Europe in an “Era of Fear”

It´s a matter of growing ever more into a “culture of trust”, including a worldly trust in God.   

Herbert Lauenroth’s presentation at the International Congress of “Together for Europe – Munich 2016″ is as current as ever. Here is the full text.

Dear friends,

I would like to start my – rather fundamental – reflections on the subject of fear, fear in Europe, with two striking biblical respectively secular images:

1 In a dramatic moment in the book of Genesis God calls man: “Where are you, Adam?” This call is addressed to the one who has sought refuge in the underbrush, full of shame and driven by fear. To the one hiding from the sight of God because he has become aware of his existential nakedness and wretchedness. This image depicts the present situation in Europe in a quite drastic way: A continent barricading and entrenching itself in its seemingly hopeless presence. Europe is hiding in the underbrush, stuck in the entanglements of its own limitations and a history of guilt. This underbrush is Idomeni, the Macedonian border, the barbed-wire fence at the Hungarian-Serbian border, but also the various exclusions in society.
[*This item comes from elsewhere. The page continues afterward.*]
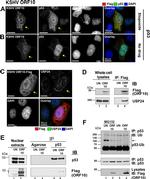 p53 Antibody in Western Blot, Immunocytochemistry, Immunoprecipitation (WB, ICC/IF, IP)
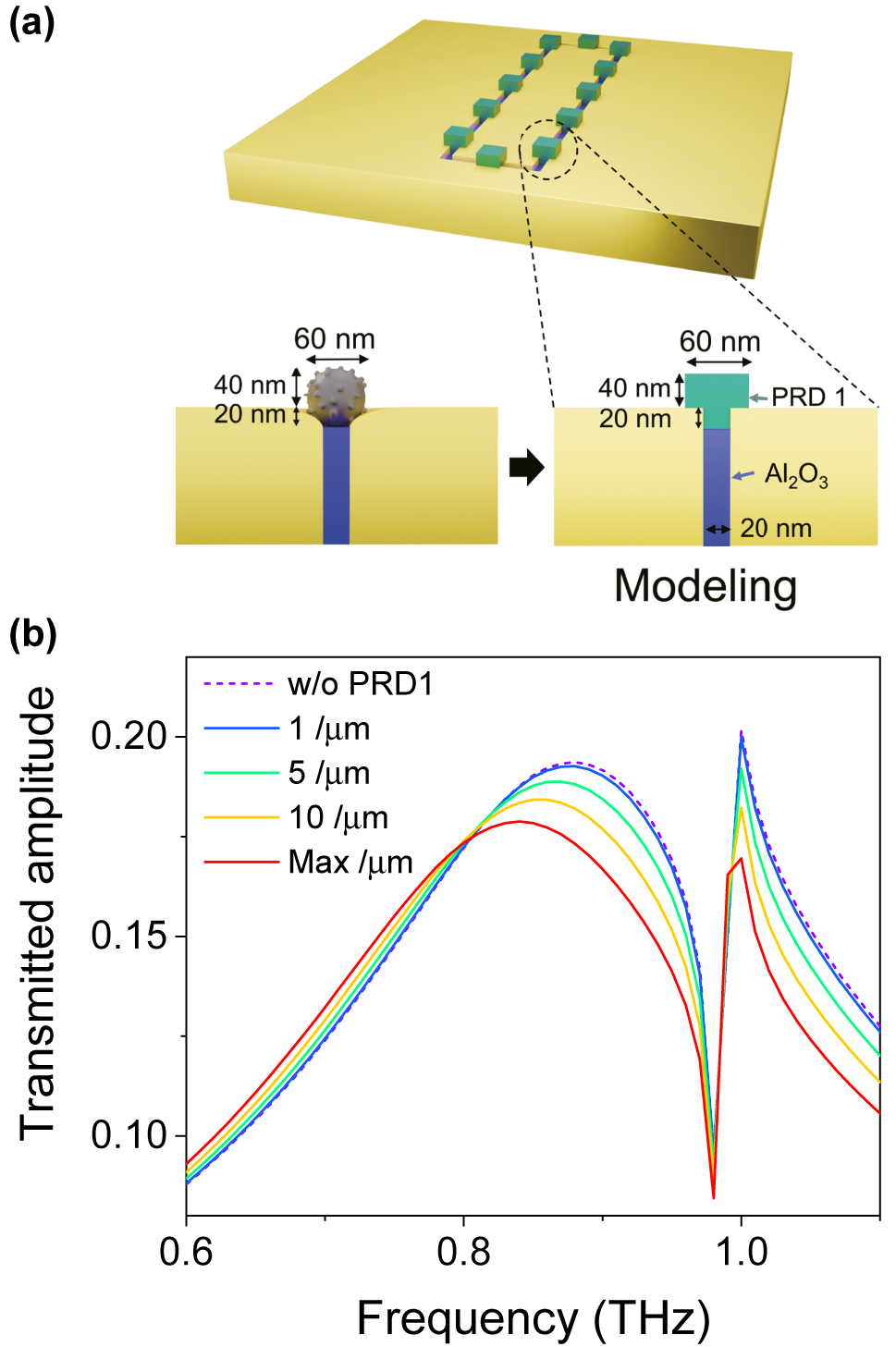 Figure 5: 
Full-wave numerical simulations. (a) Schematic illustrations of the simulation modeling. The spherical shape of the PRD1 virus has been changed to a T-shape in order to minimize the computing time of the simulation. (b) The transmission amplitude spectra of the 20 nm gap depending on their PRD1 virus densities. Here the density of the virus particle is defined by the number of viruses per unit length in the nanogap-loop.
If we read the biblical scenario as for turning Europe into a fortress, a measure against migrants, it allows another different reading: It´s the European sovereign standing before us, it´s his exposure and homelessness we`re looking at. He is the real refugee, trying to escape from himself, the most fatal of all flights. Therefore Europe has to hear this call from the Biblical God once again. It´s a question of its destiny, mission and responsibility for itself and the world: “Adam/Europe, where are you?”

2 This image of an existential narrowness God calls out of, finds its counterpart in the visions of men`s cosmic forsakenness in an indifferent, inhospitable universe. Philosopher and mathematician Blaise Pascal expressed it like this: “The eternal silence of these infinite spaces terrifies me!” It´s about a sense of being appalled or exposed that frightens man, as he is isolated and being thrown back on his own. In European history this recurring theme has been described as “loss of the center” or “transcendental homelessness”.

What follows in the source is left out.